Coordinatrice des trois centres d’animation du 18e, Christine Le Gall est amoureuse de son quartier, et surtout des gens qui y vivent avec lesquels elle partage sans relâche sa conviction que la culture est vitale pour exister.
A l’époque de sa rencontre avec celui qui allait devenir son mari, il y a plus de trente ans, Christine habite porte de Clichy. Elle prend plaisir à venir se balader à Montmartre et rêve de s’en rapprocher. Sur la Butte, elle aime la multiplicité des échoppes, des artisans, les petits cafés pas encore transformés en grandes brasseries à touristes : « Je revenais en bus du travail et j’avais l’impression de rentrer au village. » Au virage Lepic, restaurant convivial à l’époque, tenu par Denise, avec Bertrand en cuisine, et toujours ouvert sous ce nom, Christine rencontre celui qui va accélérer son installation dans le quartier.

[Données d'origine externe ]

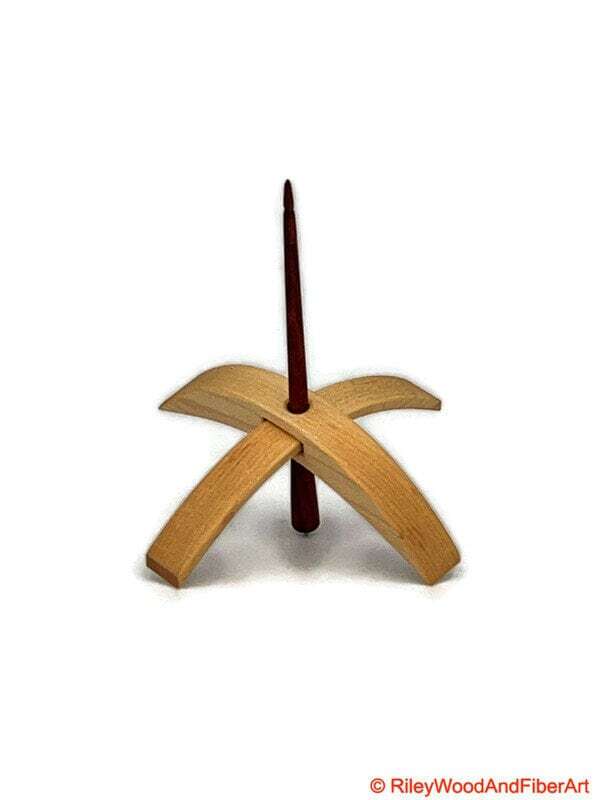 Medium Turkish Drop Spindle - Maple Whorl with Red Heart Shaft made by Riley Wood and Fiber Art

La culture dans le cœur et dans les jambes
Maintenant, le 18e, c’est chez elle et pas seulement parce qu’elle y habite : sa silhouette menue arpente en long et en large l’arrondissement, le plus souvent à pied. Les bras chargés de sacs remplis de livres, de cahiers, d’un ordinateur, de tissus, d’objets divers destinés à l’on ne sait quel projet, elle rallie les trois centres d’animation dont elle a maintenant la responsabilité : Binet à la porte Montmartre, Rachid Taha à La Chapelle et Hébert.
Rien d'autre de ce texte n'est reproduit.